KYIV - The government of Ukraine has welcomed Russia's ratification of a basic treaty on friendship and cooperation between the two former Soviet republics, saying it would improve bilateral relations.

Russia's State Duma, the lower house of Parliament, on December 25 ratified the long-stalled treaty with Ukraine despite political disagreements and worries that this Slavic neighbor is forming close ties with NATO.

After a heated debate, the Duma voted 243-30 to ratify the Treaty on Friendship, Cooperation and Partnership signed in May 1997 by Presidents Leonid Kuchma of Ukraine and Boris Yeltsin of Russia. The treaty had been ratified in January 1998 by the Verkhovna Rada.

The reaction of officials in Kyiv was prompt, and positive.

"The ratification of the treaty is of extraordinary importance for relations between our two countries, because it has secured Ukraine's independence and territorial integrity," said Valerii Rylach, vice-chairman of the Russia department at Ukraine's Foreign Affairs Ministry.

Russia and Ukraine, together with Belarus, played a key role in dissolving the Soviet Union in December 1991, but bitter rows over trade, the Soviet-era Black Sea Fleet and the status of its naval base in Sevastopol, and the Russian-speaking population in Ukraine had soured bilateral relations.

President Kuchma welcomed the treaty's ratification. "The ratification is advantageous not only for Ukraine, but Russia as well," the Interfax-Ukraine news agency quoted the president as saying.

"We have made a big step toward each other, throwing away all that is unnecessary," the ITAR-TASS news agency quoted Verkhovna Rada Chairman Oleksander Tkachenko as saying. "I think for many citizens of Ukraine and Russia a long-awaited dream has come true," he added.

But Ukrainian officials said Russian deputies had been delaying the ratification for too long, causing fears in Kyiv that relations between the two countries could be strained further.

"It is not good that our partner and neighbor delayed the ratification for so long," Mr. Rylach said.

Russian lawmakers had said they would be ready to approve the friendship treaty only after the Ukrainian side had ratified several agreements regarding the status of the former Soviet Black Sea Fleet.

A day before the friendship treaty was signed, Ukraine's and Russia's prime ministers had also signed several special documents that outline major principles of the Black Sea Fleet's division between two Black Sea countries.

According to the documents, the Russian fleet will be permitted to use several bases in the Ukrainian port of Sevastopol for the next 20 years, though the Constitution of Ukraine prohibits the basing of any foreign forces on Ukraine's territory.

The Ukrainian Parliament had declined to approve the fleet agreements and this led Russian deputies to postpone ratification of the friendship treaty.

Russian nationalists have also questioned Ukraine's rights to the predominantly Russian-populated Crimean peninsula, a former province of Russia formally signed over to Ukraine in 1954 by then Soviet leader Nikita Khrushchev.

Russia, which dreads the prospect of any ex-Soviet republic joining NATO, has also been alarmed by Ukraine's progress in ties with the Western alliance.

"Ukraine does not now have a plan to join the alliance, but we are an independent country and we have full rights to form our own foreign relationships with any country or organization," Mr.

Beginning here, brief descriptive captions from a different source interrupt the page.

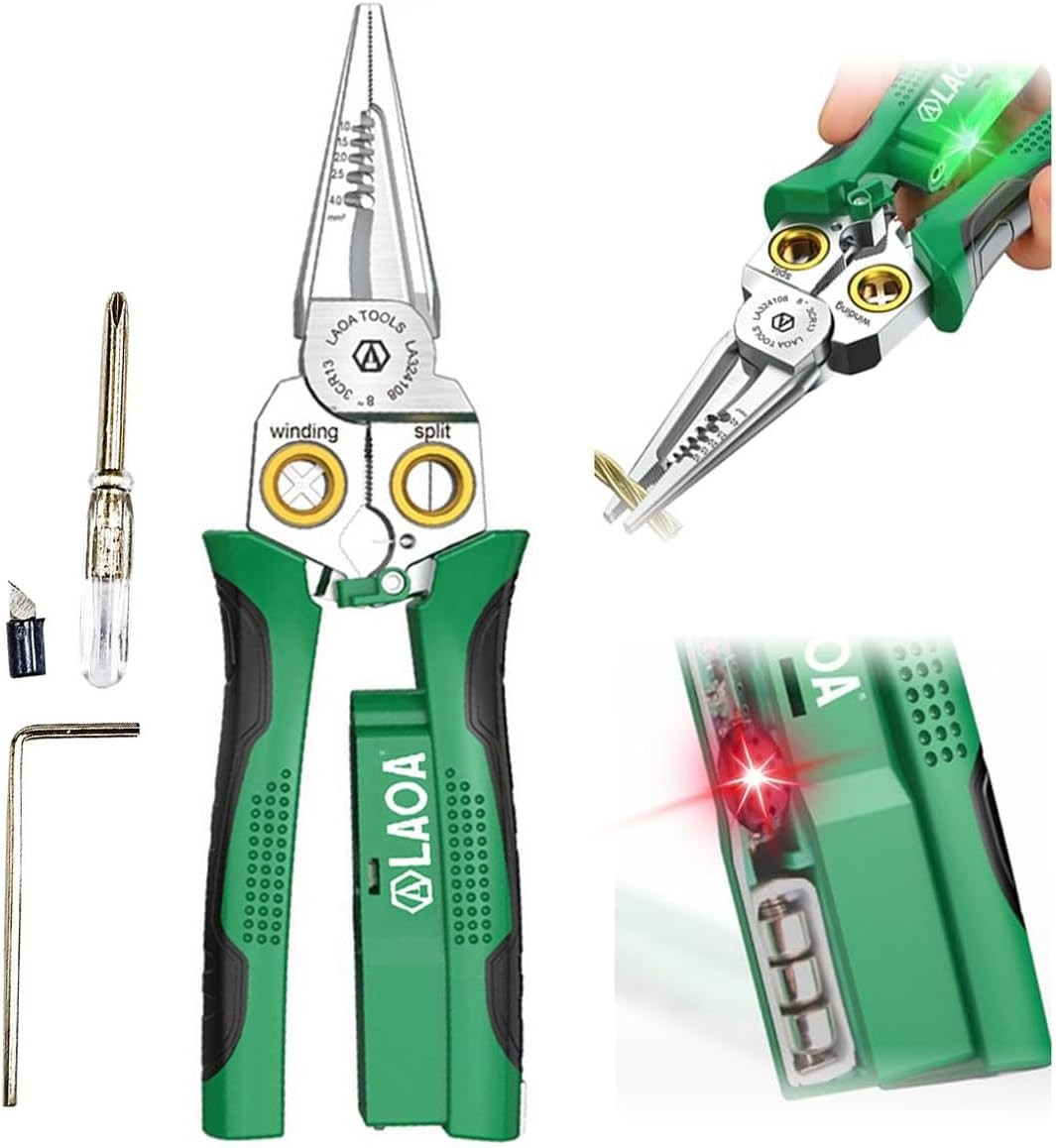LAOA 8 in 1 Wire Stripper with Voltage Tester, Alarm & Flash Green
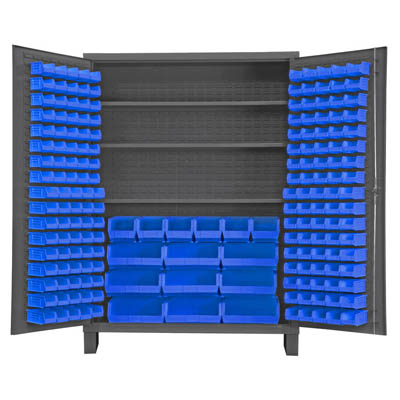 60" Wide Cabinet with 185 Bins & 3 Shelves, (Flush Door Style)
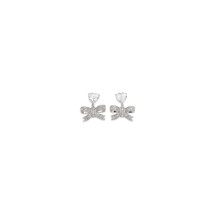 Heart-shaped crystal bow drop Earrings
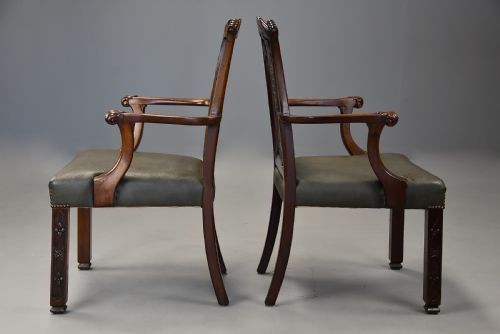 PAIR OF FINE QUALITY LATE 19TH CENTURY MAHOGANY OPEN ARMCHAIRS IN THE CHIPPENDALE STYLE - ADDITIONAL PHOTO 10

Rylach said.

Members of Communist factions in both the Ukrainian and Russian Parliaments were extremely pleased about the ratification. Russian Communists in the Duma called the ratification a "new stage in the development of Russo-Ukrainian relations."

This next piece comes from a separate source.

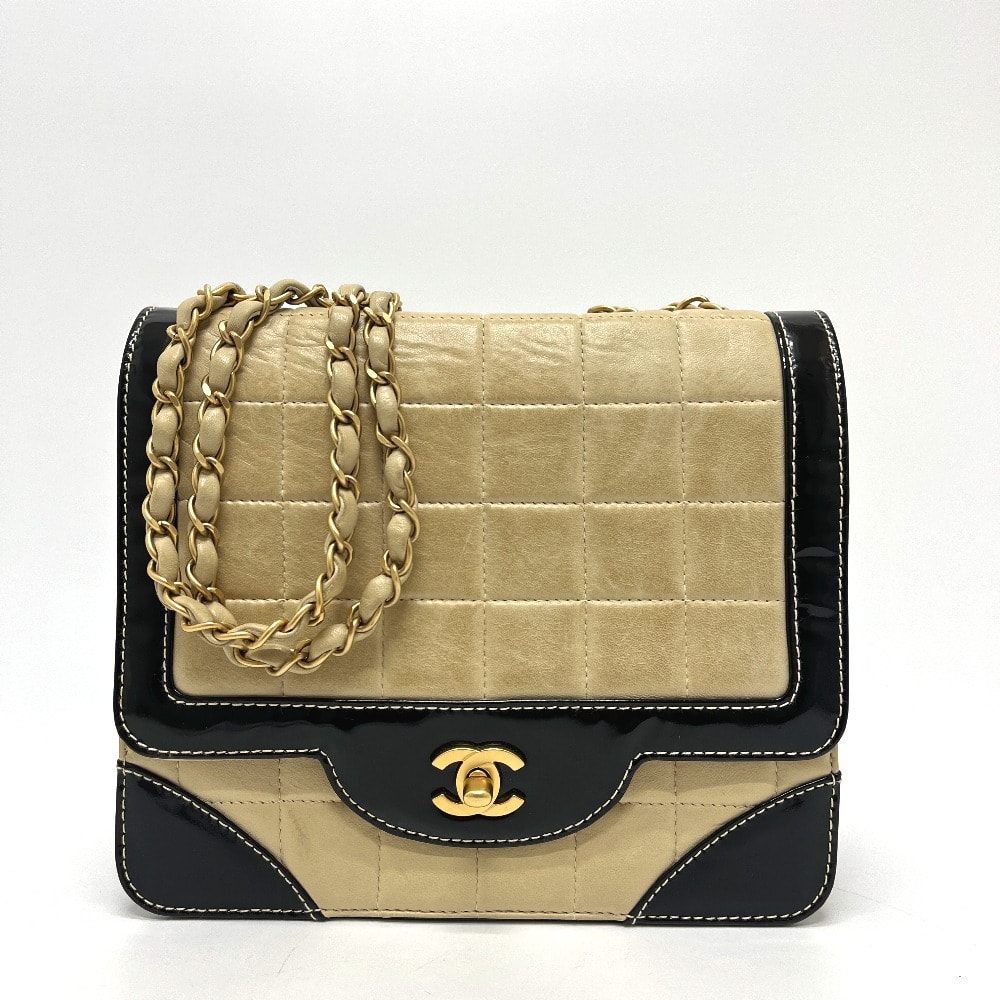 シャネル CHANEL バイカラー チョコバー ココマーク チェーン カバン バッグ 2WAYバッグ ハンドバッグ ショルダーバッグ レザー ベージュ
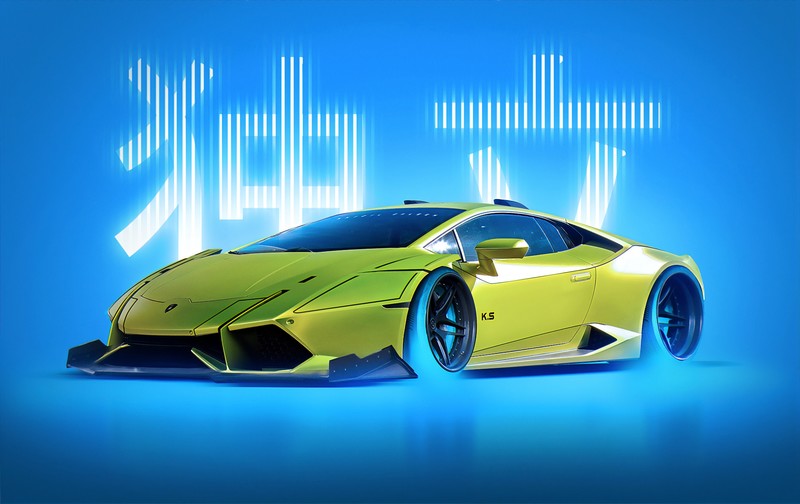 Khyzyl Saleem, car, render, blue, cyan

In a statement issued on December 28, the Duma's Communist faction said the ratified treaty will create favorable opportunities for the development of cooperation on the basis of the economic, defense, scientific, technical and cultural potential accumulated by the people of the two countries.

At the same time, however, Russian Communists urged the Ukrainian Parliament to do everything necessary to create conditions for the normal functioning of Russia's Black Sea Fleet on Ukrainian territory, and to ensure the rights and cultural and humanitarian needs of ethnic Russians.

Independent analysts in Ukraine said the months-long delay in the treaty's ratification showed that Moscow still wanted to dominate the bilateral relationship.

"Russia ratified the treaty, but a year after Ukraine did so, demonstrating to Kyiv that the treaty is more important for Ukraine than to Russia," commented Serhii Naboka of the Respublika news service.

Mr. Naboka also said Russia had agreed to ratify the bilateral friendship treaty only after Kyiv promised to join the Russian-led Inter-Parliamentary Assembly of the Commonwealth of Independent States.

"I am sure nothing will change for Ukraine after the ratification, but, unfortunately, we again have showed Russia that Ukraine is dependent on its northern neighbor," said Mr. Naboka.